Examples of involutions on $\mathbb{R}$

If you assume continuity, you still have as many involutions as continuous functions from $\mathbb R$ to itself, namely cardinality $c$. For if $f$ is any strictly decreasing continuous function from $[0, \infty)$ onto $(-\infty, 0]$, you can extend $f$ to $(-\infty, 0)$ by $f(t) = x$ where $f(x) = t$, and you get a continuous involution.


If we do not put any conditions on $f$, there will be far too many involutions. Divide the reals in any way into a disjoint union of $1$-element sets and/or $2$-element sets.

For any such subdivision $\mathbb{U}$, if $\{a\}$ is a singleton set in the subdivision, let $f(a)=a$. If $\{a,b\}$ is a doubleton set in the subdivision, let $f(a)=b$ and $f(b)=a$. Then $f$ is an involution. Any subdivision determines an involution, and conversely every involution determines a subdivision.

It follows that there are $2^\mathfrak{c}$ involutions, "just as many," from the point of view of cardinality, as the number of functions from $\mathbb{R}$ to $\mathbb{R}$.


The set of continuous involutions on $\mathbb R$ has a fairly easy to describe structure. Let $f$ be a continuous involution on $\mathbb R$. Then:

  1. Any point is either fixed, or of period $2$. The set of fixed points is closed, so the set of periodic points is open.
  2. If $x$ is of period $2$, there is a fixed point between $x$ and $f(x)$.
  3. If $x$ is of period $2$, there is exactly one fixed point between $x$ and $f(x)$. Let $a$ be the nearest fixed point to $x$ between $x$ and $f(x)$. Then as $x$ approaches $a$, $f(x)$ must approach $a$, and can never be equal to a fixed point, since by our choice of $a$, $x$ is never itself fixed as it approaches $a$. This is impossible if there's another fixed point between $x$ and $f(x)$.
  4. If $f$ has at least two fixed points, then suppose there is a non-fixed point in between them. Take the largest open interval of non-fixed points around that point. Its boundaries are fixed. By continuity and (2), near the left edge of that interval, $f(x)$ must be outside of the interval on the left, and near the right edge, $f(x)$ must be outside on the right. As $x$ runs through the interval, $f(x)$ can't touch any fixed points, so this violates the intermediate value theorem.
  5. If on the other hand, any two fixed points of $f$ have no non-fixed points between them, then the set of fixed points forms a single closed interval. If this interval isn't all of $\mathbb R$, then (3) is impossible to satisfy for any non-fixed $x$.

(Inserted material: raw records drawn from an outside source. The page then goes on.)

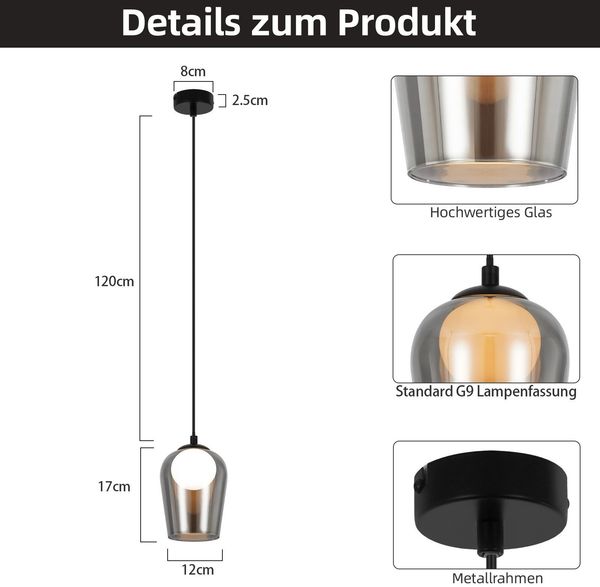 ZMH Pendelleuchte Schlafzimmer Hängelampe Schwarz - 1 Flammig Hängeleuchte Glas Esstischlampe Hängend G9 Nachtisch Pendellampe Höhenverstellbar für Wohnzimmer Esstisch Flur (ohne Leuchtmittel) Bild 4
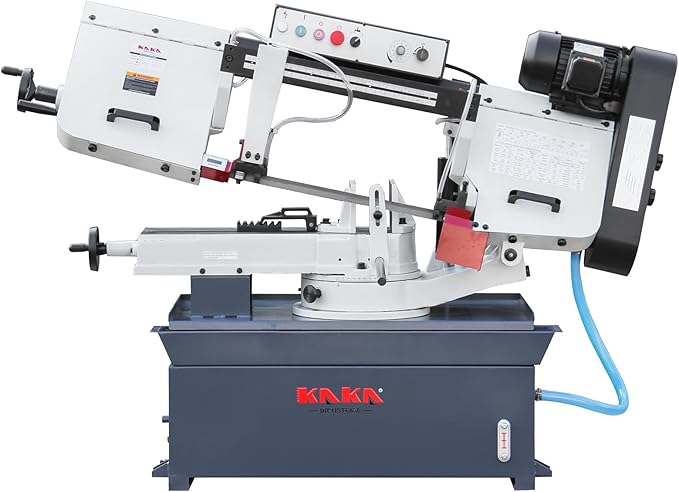 KAKA INDUSTRIAL Metal Band Saw,10Inch (254mm) Swivel Base, 45°Angled Cutting, Hydraulic 4-Speed, 2HP, 220V Single-Phase, Metal Cutting Band Saw For Steel Beams Pipes Structural Fabrication, BS-1018R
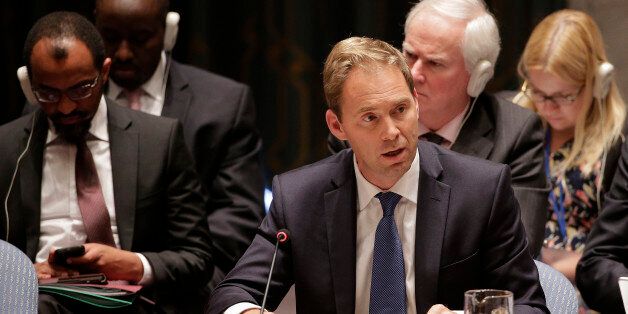 Tobias Ellwood, United Kingdom parliamentary Under Secretary of State speaks during a U.N. Security Council meeting, Friday, Sept. 19, 2014, at the United Nations Headquarters. The Security Council met to discuss the situation of The Islamic State group in Iraq. (AP Photo/Julie Jacobson)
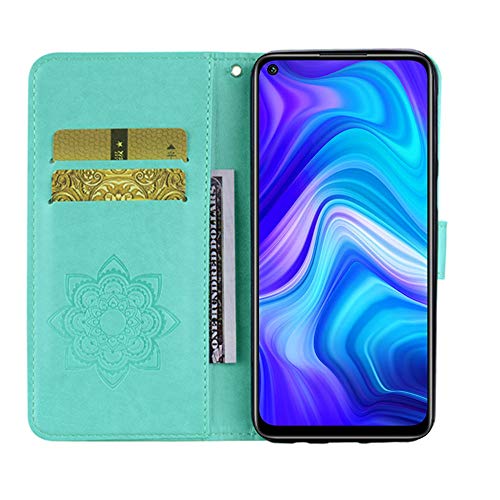 COTDINFORCA Compatible with Xiaomi Redmi Note 9 Case Glitter Wallet Case Leather with Card Slots Flip Case for Women Crystal Owl Embossing Shockproof Case for Xiaomi Redmi Note 9 Green YK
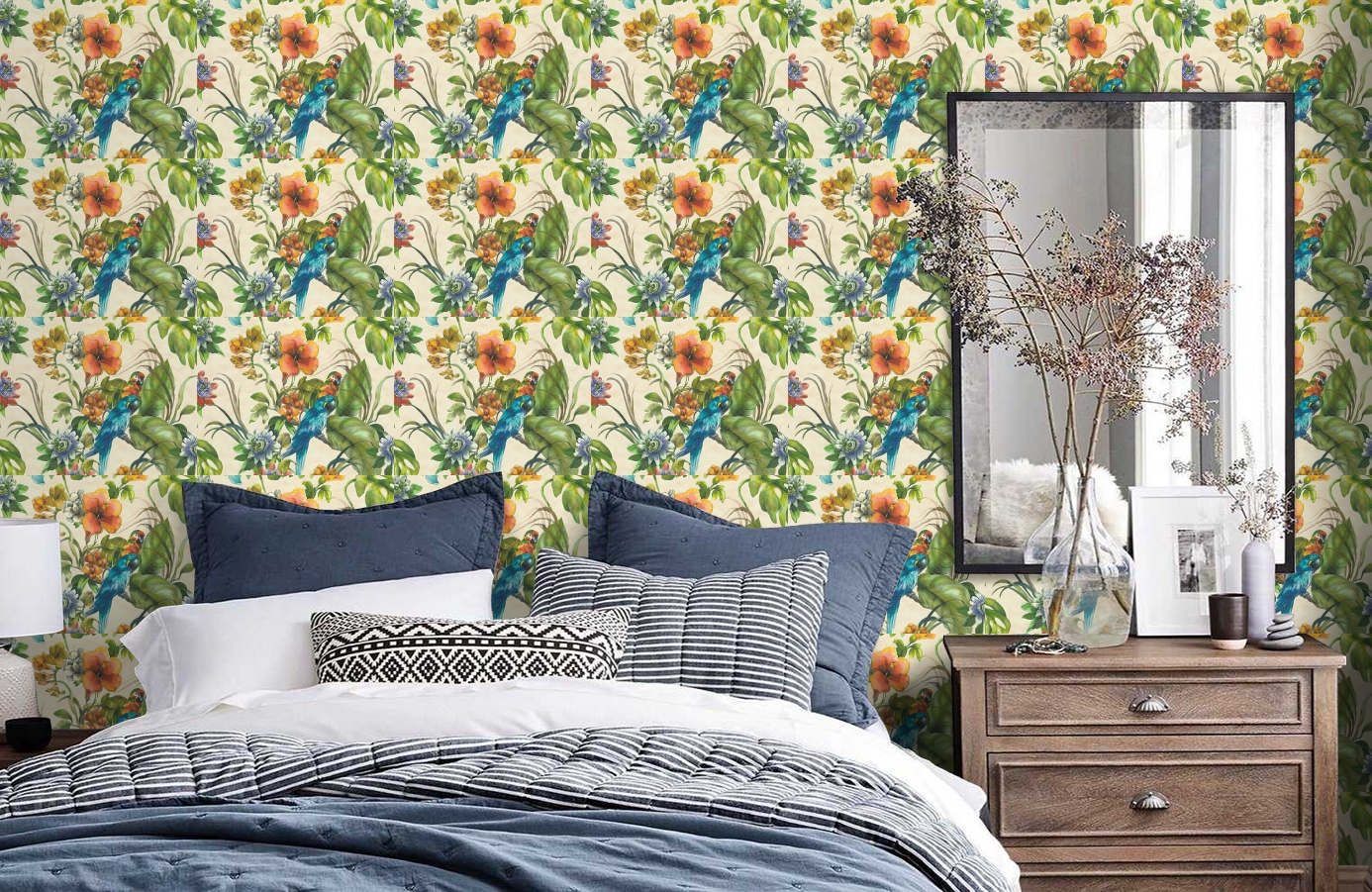 Обои 30015-1 фото в интерьере спальни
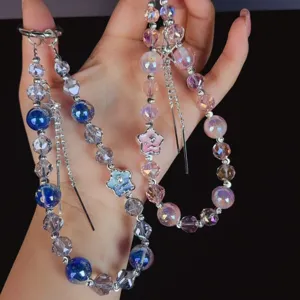 Handmade crystal beaded phone charm cute star tassel bag pendant aesthetic accessory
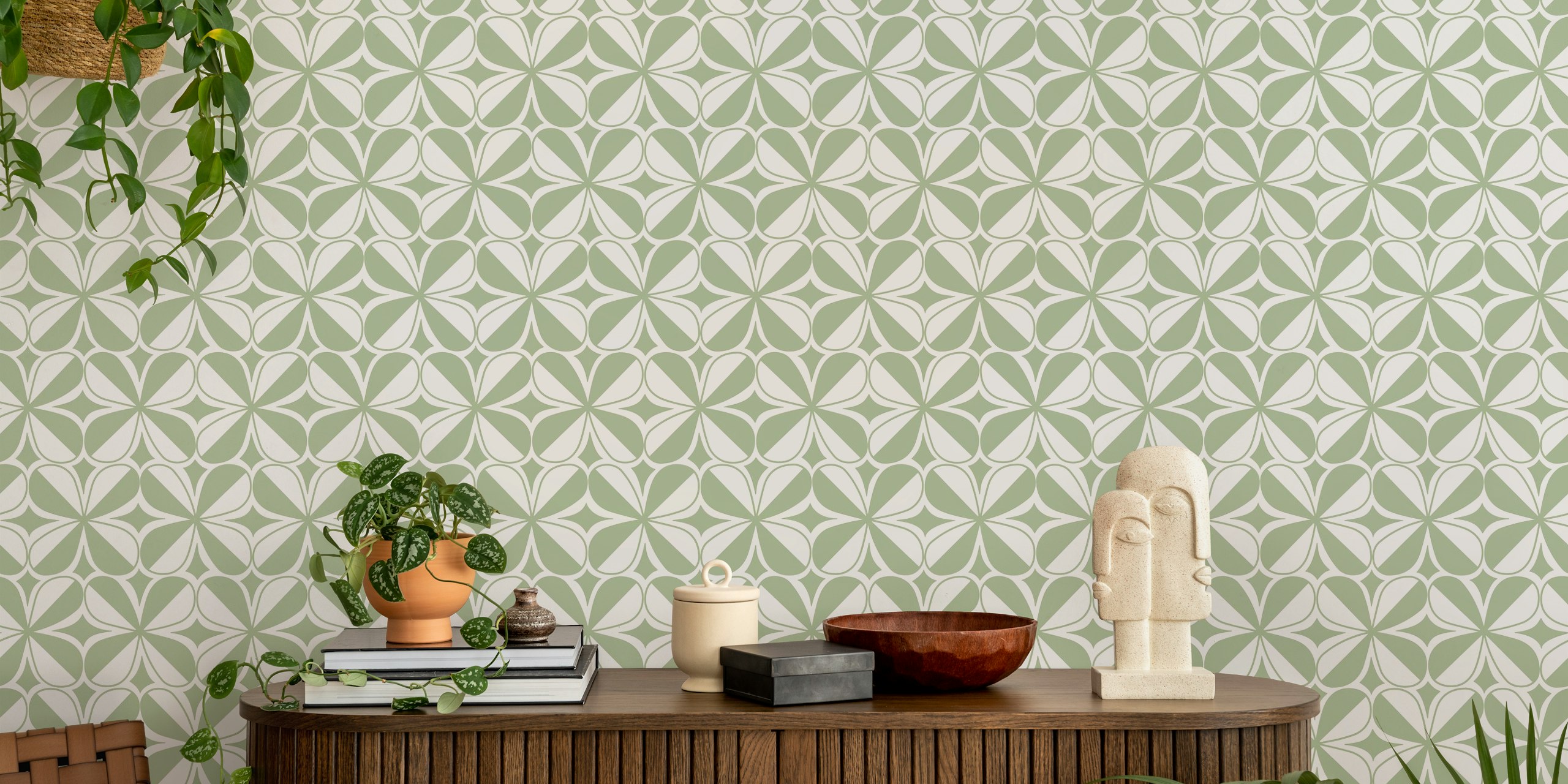 Mosaic Flower - Green wallpaper design in a room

Thus $f$ either fixes $\mathbb R$ or has exactly one fixed point, dividing the real line into two halves. By (2), the left half must map onto the right half and vice-versa. For simplicity let's say the fixed point is $0$. Then $f$ can/must be equal to any/some strictly decreasing continuous function with $f(0)=0$ on $\mathbb R^+$, and to its inverse on $\mathbb R^-$. For instance we can take $f(x)=-2x$ for positive $x$ and $f(x)=-\frac12x$ for negative $x$.